Ce texte, est cité maintes fois, dans la littérature rabbinique et dans nos livres de prières, il dit le courage d’Israël s’approchant de la Loi comme on s’approche de l’absolu. Récusant ainsi toute idée de marchandage pour négocier une loi « adaptée et confortable ».
La formule biblique "nous ferons et nous entendrons" est souvent comprise comme l'acceptation de la Torah avant même de comprendre le sens des mitsvoth. D'autres exégètes lisent autrement le verset, comme Abraham ibn Ezra (1089-1164)
Au mont Sinaï, Israël s'engage devant Dieu à respecter la Torah pour les générations futures.
Exode chapitre 24
Et il [Moïse] prit le livre de l'Alliance, dont il fit entendre la lecture au peuple et ils dirent : "Tout ce qu'a prononcé l'Éternel, nous l'exécuterons docilement." [Littéralement "nous ferons et nous entendrons].

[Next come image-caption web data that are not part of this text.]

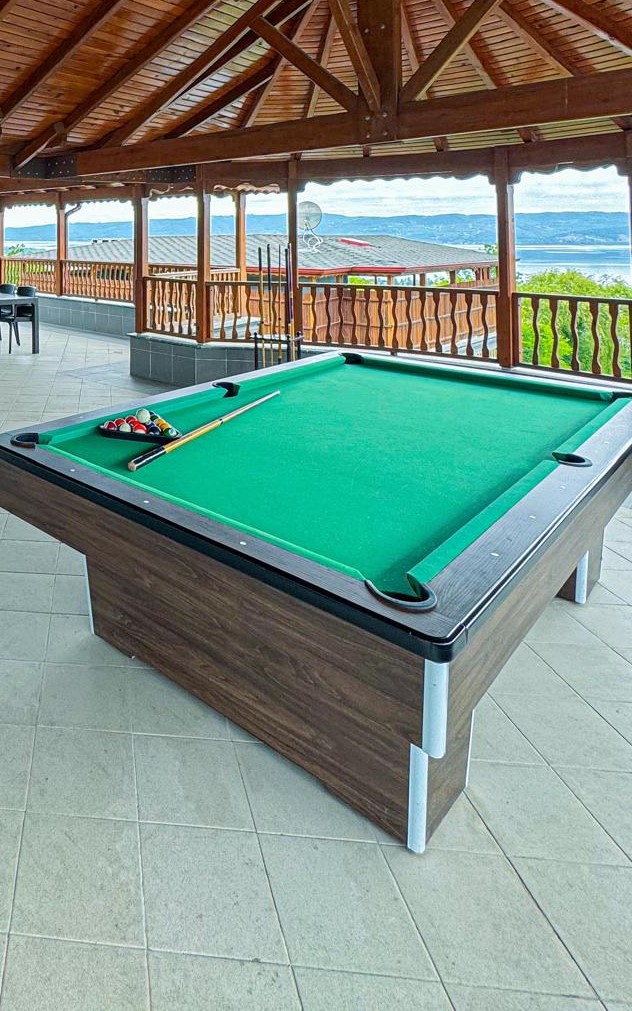 listing card gallery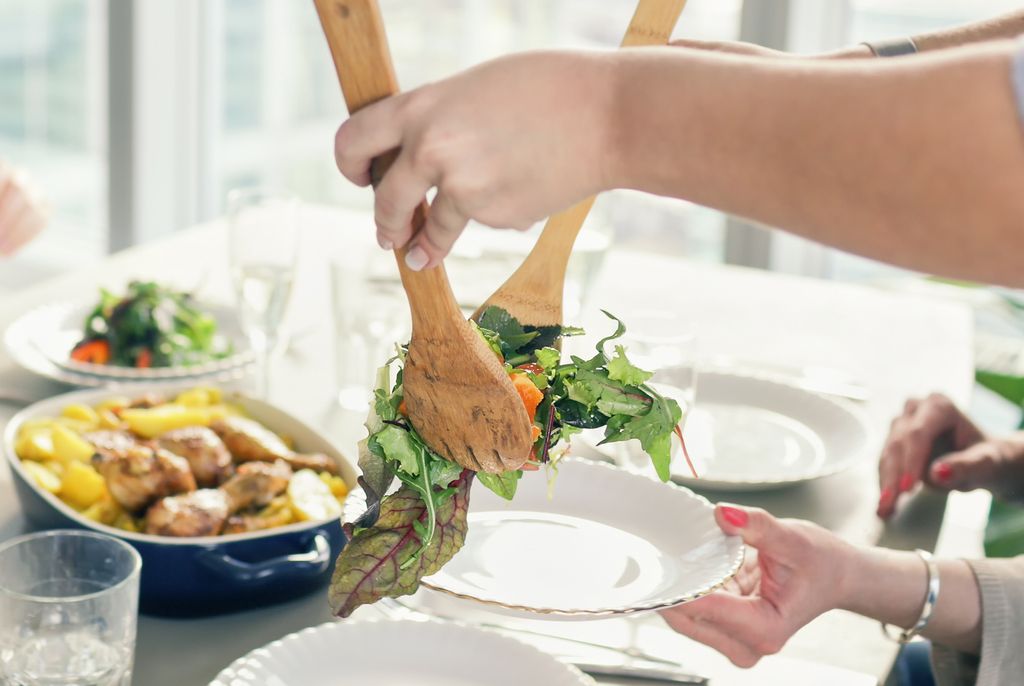 Ini 6 makanan yang dapat bantu redakan gejala dari kondisi kesehatan seksual dan reproduksi perempuan saat menstruasi. Apa saja?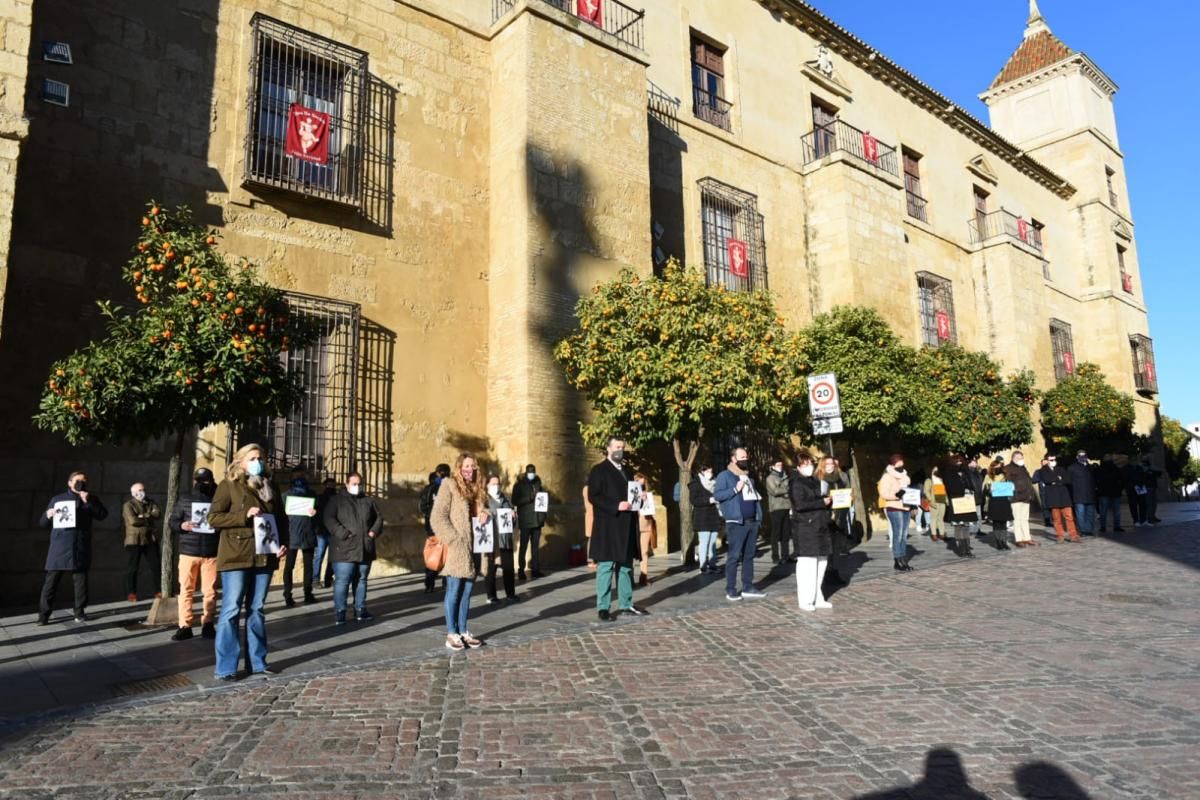 Concentración de los comerciantes y vecinos de la Judería, asfixiados por la crisis del covid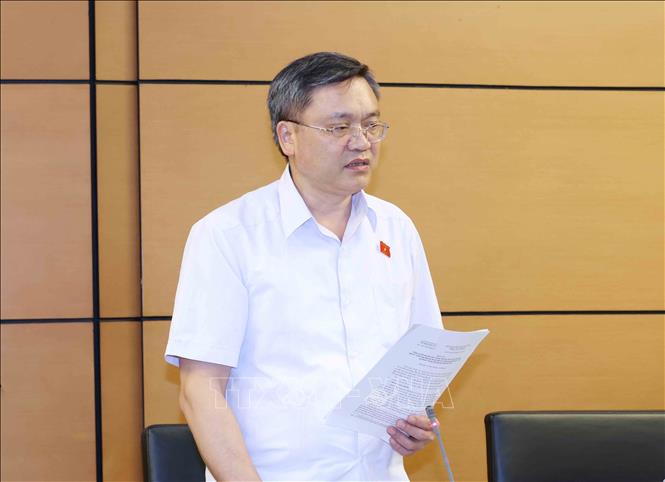 Đại biểu Quốc hội tỉnh Sơn La Quàng Văn Hương thảo luận ở tổ. Ảnh: Phương Hoa – TTXVN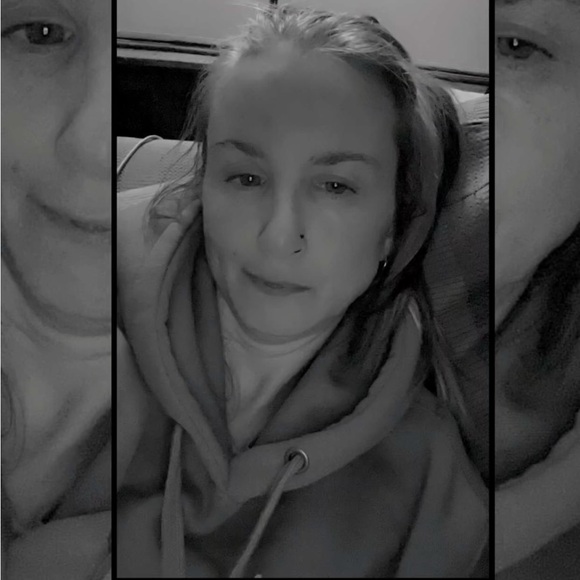 Meet your Posher, Nikki ❤️Posh Ambassador❤️ - Picture 3 of 5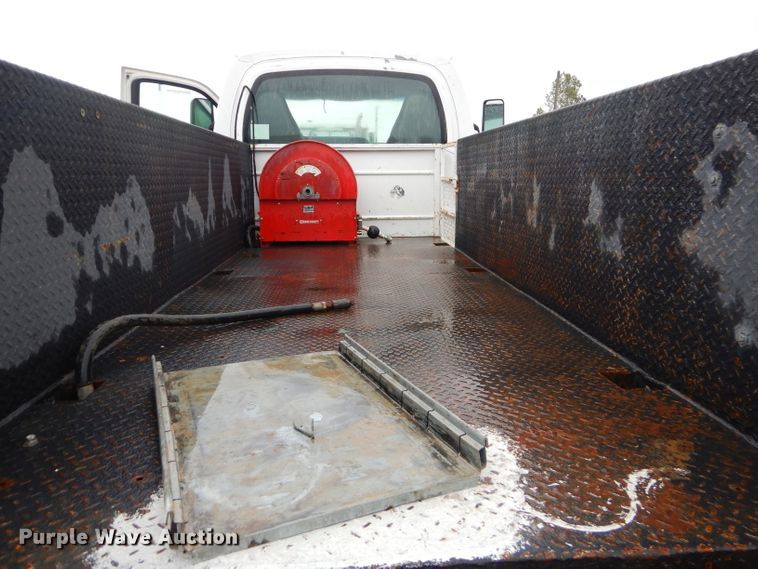 image for item EY9334 2005 Chevrolet C4500 utility truck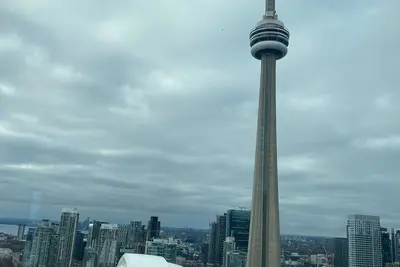 Image de Luxury 2 Bedroom downtown apartment with amazing Cn Tower View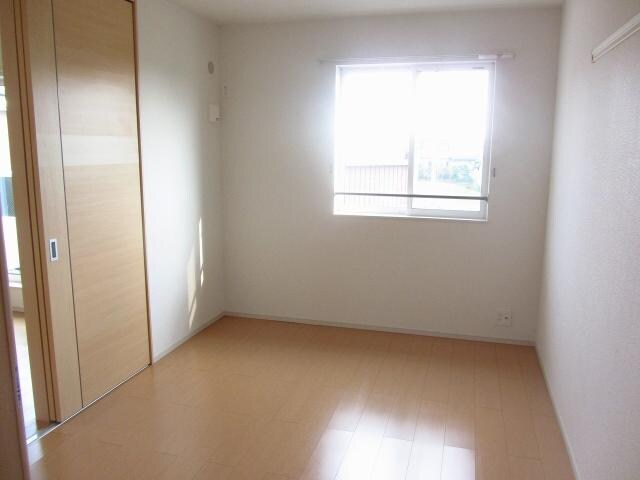 物件内観写真14　(6帖洋室)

Abraham ibn Ezra (1089 – 1164)
Et il prit le livre de l'Alliance : […] le sens de "nous ferons" tout ce qui est écrit et "nous écouterons" en permanence pour ne pas oublier de notre bouche. […]. On peut aussi expliquer: "nous ferons" les commandements plantés dans notre coeur, et nous écouterons les commandements reçus par tradition. Ou bien: "nous ferons" tous les commandements que nous ont été ordonnés jusqu'à présent, et nous écouterons tous les commandements futurs. Ou bien "nous ferons" les commandements positifs, et "nous écouterons" les commandements négatifs.
Note
L'originalité du troisième commentaire d'Ibn Ezra ici est de scinder l'expression en deux pour les appliquer à deux parties distinctes de la Torah: ce qui est déjà donné à Moïse, et ce qui est encore à donner. En fait le peuple s'engage pour ce qui a été déjà entendu, pour le reste il veut d'abord entendre. Au niveau du midrash ce distinguo est occulté: dans ce cas Israël accepte toute la Torah (ce qui est déjà donné et ce qui sera donné), puis il étudie pour comprendre le sens des mitsvoth.
Naassé Vénichma
Il faut rappeler une distinction traditionnelle établie par les rabbins : celle qui existe entre les Michpatim, précisément, les commandements dits « rationnels » et les Houquim, les commandements « irrationnels ».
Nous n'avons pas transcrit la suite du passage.